Available data →
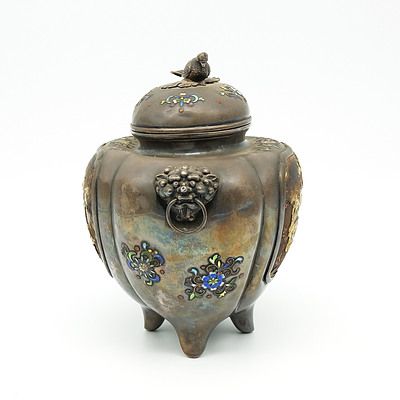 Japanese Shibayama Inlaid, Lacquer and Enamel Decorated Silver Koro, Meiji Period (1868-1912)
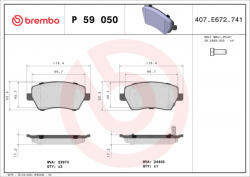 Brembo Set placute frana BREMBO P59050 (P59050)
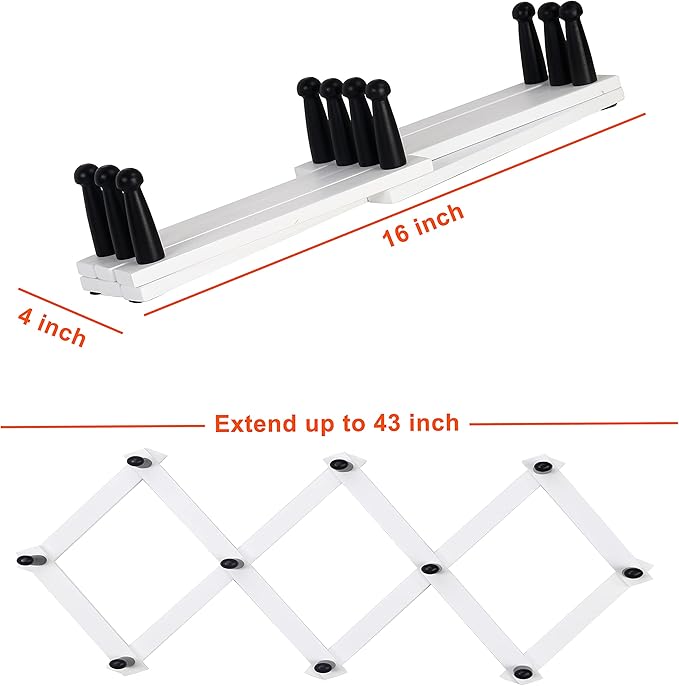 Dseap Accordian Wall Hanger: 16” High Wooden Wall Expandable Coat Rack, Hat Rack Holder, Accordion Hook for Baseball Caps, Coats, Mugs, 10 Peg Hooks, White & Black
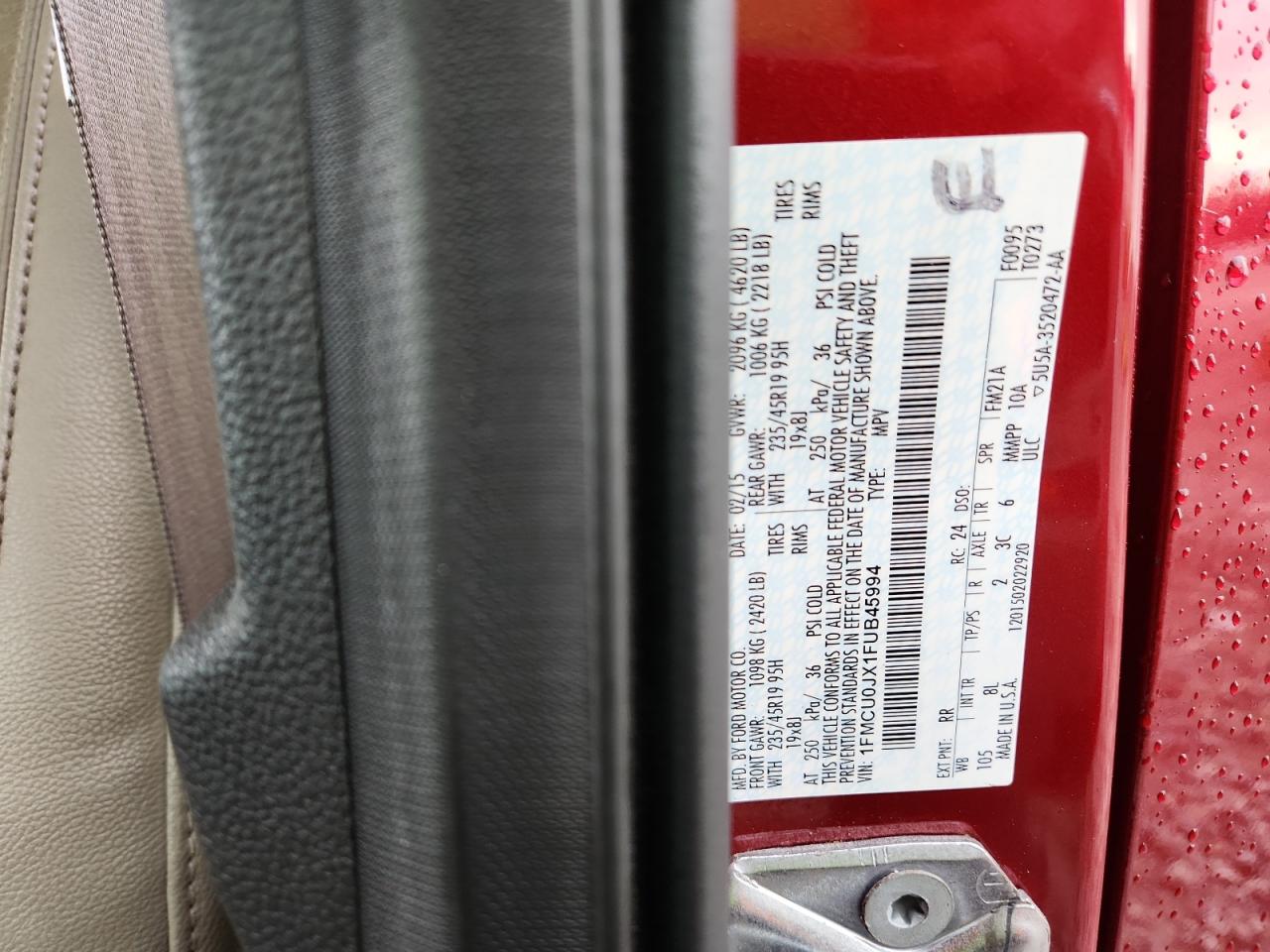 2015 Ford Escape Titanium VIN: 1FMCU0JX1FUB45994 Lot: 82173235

Problem to work on → Repeat verbatim the lines from the one with "Brembo Set placute" through the end of the listing above. Include both ends, add nothing, and exclude the pictures.

Result →
 Brembo Set placute frana BREMBO P59050 (P59050)
 Dseap Accordian Wall Hanger: 16” High Wooden Wall Expandable Coat Rack, Hat Rack Holder, Accordion Hook for Baseball Caps, Coats, Mugs, 10 Peg Hooks, White & Black
 2015 Ford Escape Titanium VIN: 1FMCU0JX1FUB45994 Lot: 82173235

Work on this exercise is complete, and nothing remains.